MaxineAnd the making pattern, as you called it. He responds to feeling by building something. The Boppers project came from wanting to connect people through music and visuals. This song came from wanting to connect people through shared memory. The scale is different, but the impulse is the same.
PhredThird question. What did we learn about Harry that we didn't know before?
MaxineI learned he writes songs. We knew he was a folk fiddler and banjo player, but a songwriter — that's different. A songwriter is someone who takes an interior feeling and gives it a shape that other people can inhabit. That's a particular gift, and it's one I hadn't fully seen in him before.
PhredI learned how much Caracas matters to him. We'd seen it mentioned — his father was stationed there, he went to high school there — but I don't think I understood that he considers it one of the happiest parts of his life. That it shaped him as much as MIT did, maybe more. The boy who became the man started on that hill in Caracas.
MaxineFourth question.
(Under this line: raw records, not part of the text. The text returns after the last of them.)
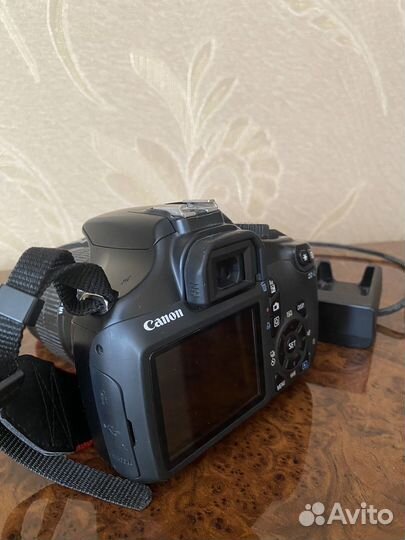 Фотоаппарат canon1100D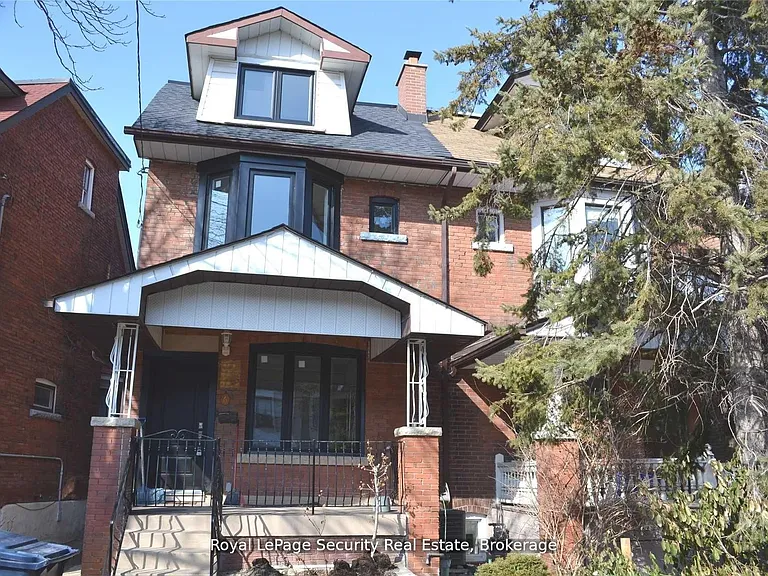 6 Rusholme Park Cres #1 — Photo 1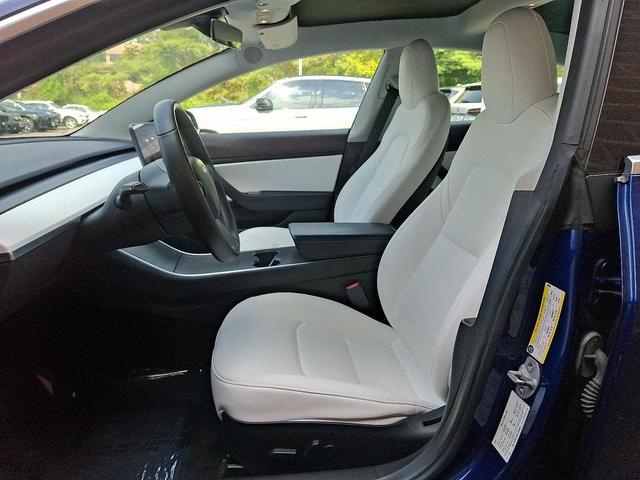 Photo of 2020 Deep Blue Metallic - DBMET Tesla Model 3
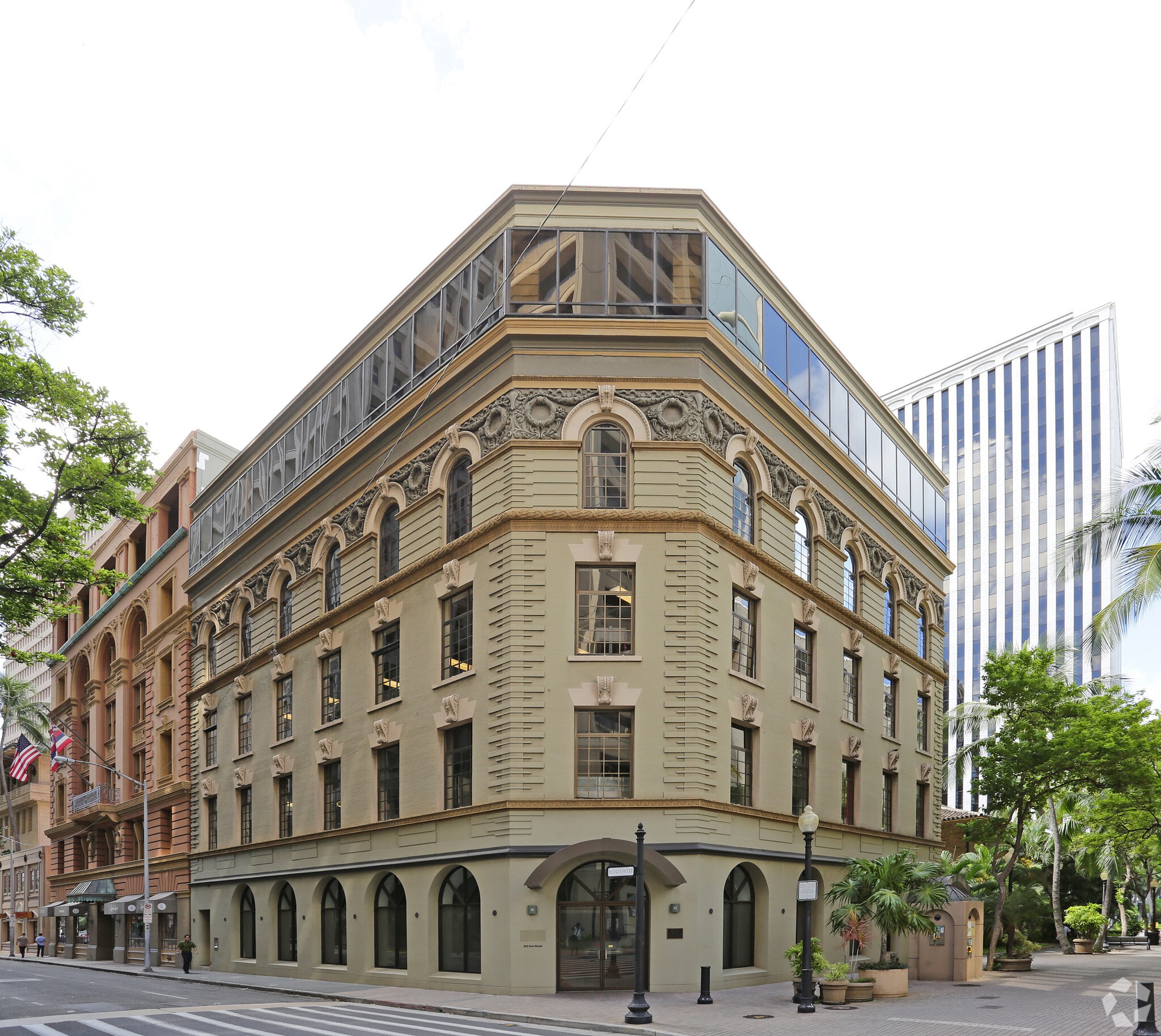 851 Fort Street Mall, Honolulu, HI for lease Building Photo- Image 1 of 14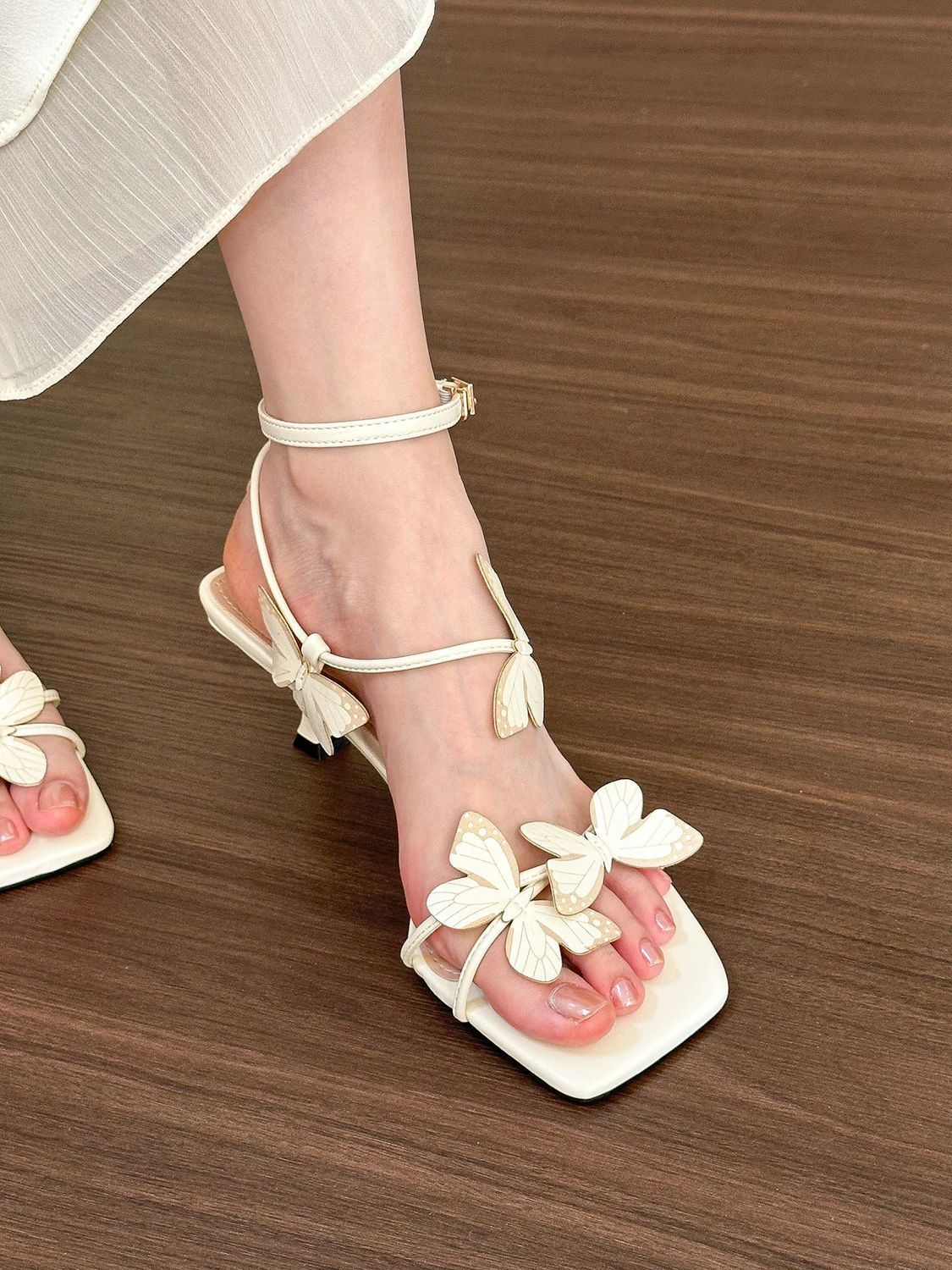 French Style Butterfly Luxury Height Increasing Square Toe High Sandals For Women Summer Thin High-end Fashion Versatile_vogvips.com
What do we want to ask Harry?
PhredI'd ask him — did anyone at the reunion cry when you sang this? And if they did, did you expect it, or did it surprise you?
MaxineThat's a good question. Mine is — you wrote "the rest of life would just have to wait." When did you realise it was waiting? When did Caracas end and the rest of life begin?
PhredHeavy questions. Worth asking.
[birds]
MaxinePhred. Is that birdsong? Are you playing birds under us?
PhredA Caracas morning, Maxine — the valley waking up, the way it might have sounded from that hill where Harry was fifteen. Listen. Do you understand what they're saying?
MaxineOf course not. Those are South American birds. They speak a completely different language than Australian emus.
PhredIs it because they can fly?
MaxineThis isn't a show about aviary dialects, Phred. I am not going off script.
PhredScripts are guidelines, not rules, Maxine. We should go whichever way the wind blows.
MaxineNo. I do not want to go where your wind blows — emus have very sensitive noses. ...Anyway. Where were we.
MaxineWhat stays with you, Phred? From this piece?
PhredThe sound of his voice. Not the words — I've got the words in my head now. The sound. The slight waver, the warmth, the way he lingers on "kind universe." That's the thing I'll carry. An old man singing thank you to a place that was good to him when he was young.
MaxineFor me it's the list of neighborhoods. Bello Monte, Campo Alegre, Las Mercedes. He turned a list of street names into a love poem. That's craft. That's care. That's Harry.
PhredIt's been a pleasure, Maxine. As always.
MaxineAs always.
BothLet's celebrate most joyously our being here... at all. Goodbye.